Голос был звонкий и мелодичный — женский голос.
— Я думал, здесь никто не живет, — стал оправдываться Римо. — Прошу меня извинить.
— Не надо извиняться, — печально ответила женщина. — Ко мне редко кто приходит.
— Но почему вы сидите без света?
— Я — Ма Ли. По законам Синанджу, я должна жить в темноте, чтобы никого не обидеть своим уродством.
— О, — протянул Римо.
Теперь он видел ее — неясную фигурку в желтом платье. Верх традиционного наряда был из белой воздушной ткани.
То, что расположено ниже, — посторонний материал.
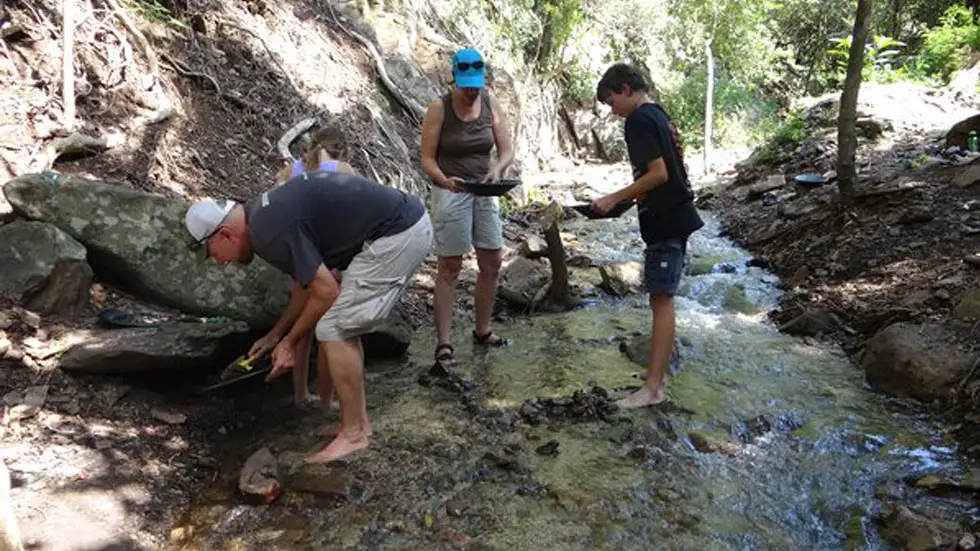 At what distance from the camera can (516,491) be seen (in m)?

Одной рукой она прикрывала лицо, а другой нащупывала что-то в кармане. Когда она убрала руки от лица, то оказалась в густой вуали, за которой поблескивали влажным блеском глаза. Римо стало жаль девушку. Она, наверное, чем-то изуродована.
— Простите, что доставил вам неудобство, Ма Ли, — сказал Римо тихо. — Я просто хотел где-нибудь отдохнуть. — И он двинулся к двери.
— Нет! — Ма Ли протянула к нему руки. — Не уходите так сразу. Я слышу, в деревне идет праздник. Расскажите мне, что там происходит?
— Вернулся Мастер Синанджу.
— Это хорошая новость. Он так долго путешествовал по дальним странам.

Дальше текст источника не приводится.